AmandaKedaigle commented 5 years ago

As an update, I've tried a couple different ways to get around this (both reading out my bam file as a sam and changing each CB tag to an RG tag, and by changing the by-rg code to look for CB tags instead), but it looks like there is another issue with the cellranger bams that chromVAR doesn't like as well. When I run it now I get this error:

> fragment_counts = getCounts("RGchanged.bam", peaks, paired = F, by_rg = T, format="bam")
Reading in file: RGchanged.bam
Error in .Call2("solve_user_SEW0", start, end, width, PACKAGE = "IRanges") : 
  solving row 43: range cannot be determined from the supplied arguments (too many NAs)

I can find this error in a few different places on google, and it seems to be related to the format of the input file not being what is expected, but I can't seem to narrow down what the problem is.

AliciaSchep commented 5 years ago

I'm not familiar with cellranger pipeline so don't know what might be the issue. If in digging into the source code (and/or reading in the files using Bioconductor tools more generally) you find something that seems to work please update as it would be great to make the code work for that use case.

AliciaSchep commented 5 years ago

Some notes from consulting with @jeffmgranja

1) The bams are aligned by bwa and there can be issues with very small fragment sizes -- this might be what is leading to bug, because after offset the size would be less than 0. Could add into code something like which(abs(scanned$isize) >= minFragSize) and have a minFragSize in the inputs like 10 bp. As a work-around now, maybe pre-filtering the bams for fragment size could help?

2) 10x has fragments bed file (already tn5 offset) with barcodes in 4th column. Potentially the function in chromVAR to read fragments from bed file could have an option to treat a column as a barcode.

x811zou commented 5 years ago

Hi! I also have the question in obtaining count table from 10x scATACseq @AmandaKedaigle how do you get the count table? Using getCount function + RG-coded-BAM file?

ayeaton commented 5 years ago

Hi @x811zou,

I also wanted to use chromVAR for 10x scATAC-Seq. I used the 10x fragments bed file and slightly changed some functions in chromVAR involved in reading fragments from bed files to treat a column as a barcode so that I could use chromVAR with our data.

I created a pull request with my method, if you are interested.

caleblareau commented 5 years ago

Here's my attempt at it as well-- https://github.com/caleblareau/scATAC_10X_raw_to_kmers/blob/master/example_kmers.R

AliciaSchep commented 5 years ago

@caleblareau What is the file that your method is using? It looks like it is a different file input from what the PR from @ayeaton would use? Would it be a complementary method to also include?

caleblareau commented 5 years ago

@AliciaSchep the "fragments.tsv.gz" file that is the basis of the fragments is the same. The additional file that I reference is essentially the barcodes that pass filter based on 10X's pipeline. My understanding (@ayeaton please correct me if I'm wrong) is that her function will establish a column for every conceivable barcode observed, which I think could run into problems.
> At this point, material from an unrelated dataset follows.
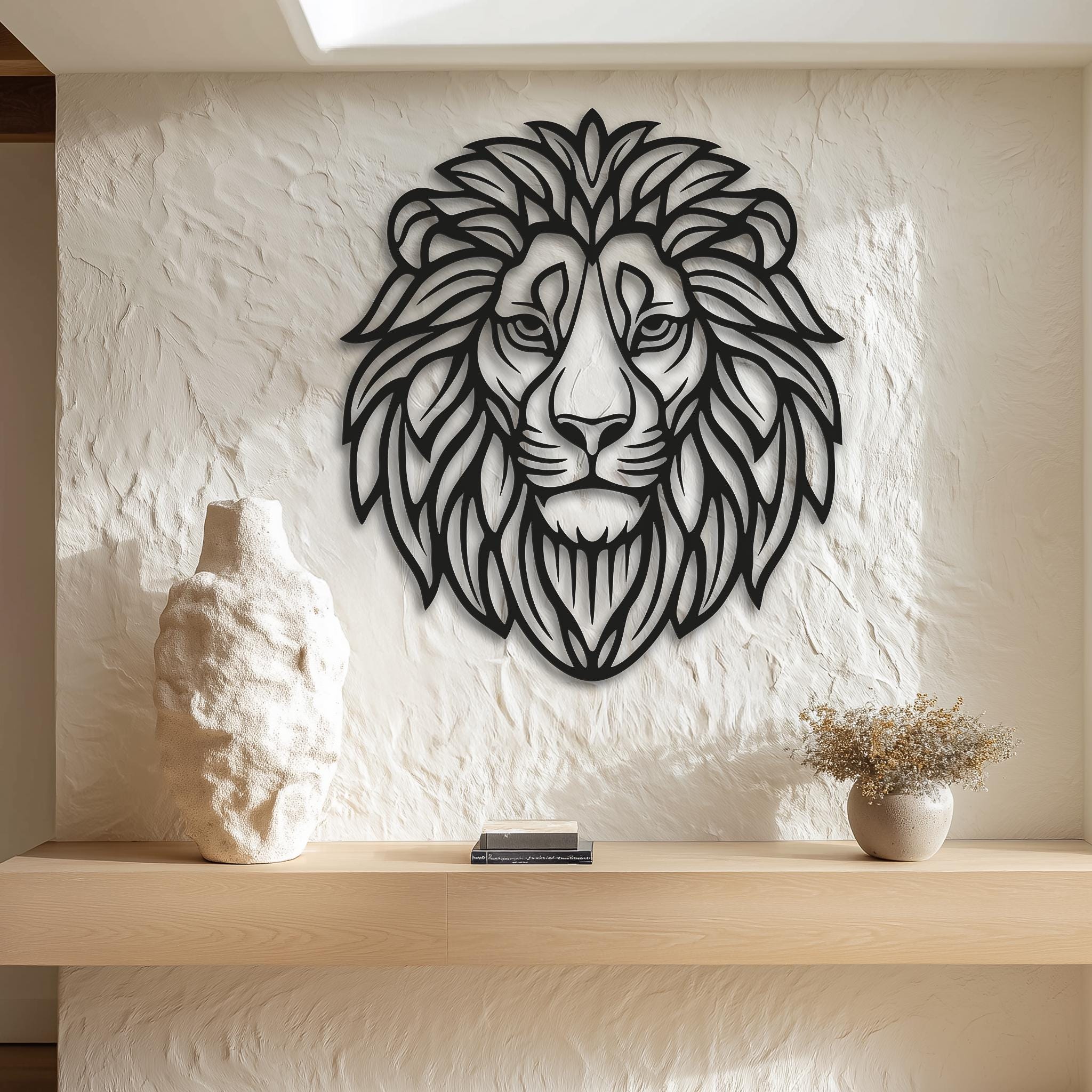 Lion head metal wall art, CNC laser cut, matte black finish. Bold line art on bright white textured wall for high contrast. Modern living room decor, entryway statement, large size options, gift for men, housewarming, safari/jungle theme.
Overall, they do seem complimentary; I can package up a PR if there's enough interest.

AliciaSchep commented 5 years ago

Ok thanks for explanation @caleblareau. Being able to filter out barcodes that don't pass filter based on a prior pipeline seems like it could be useful. Maybe getCounts should have an optional barcodes feature (that might not only be applicable to 10x case?) that limits results to barcodes provided. If that is the main difference then it seems like that could be added into what @ayeaton has already provided.

Although it looks like your approach to @caleblareau deviates a bit more from the previous chromVAR bed file approach... wondering if there are speed/memory improvements that become especially relevant with 10x data. It could be having a separate getCounts10x function would make sense.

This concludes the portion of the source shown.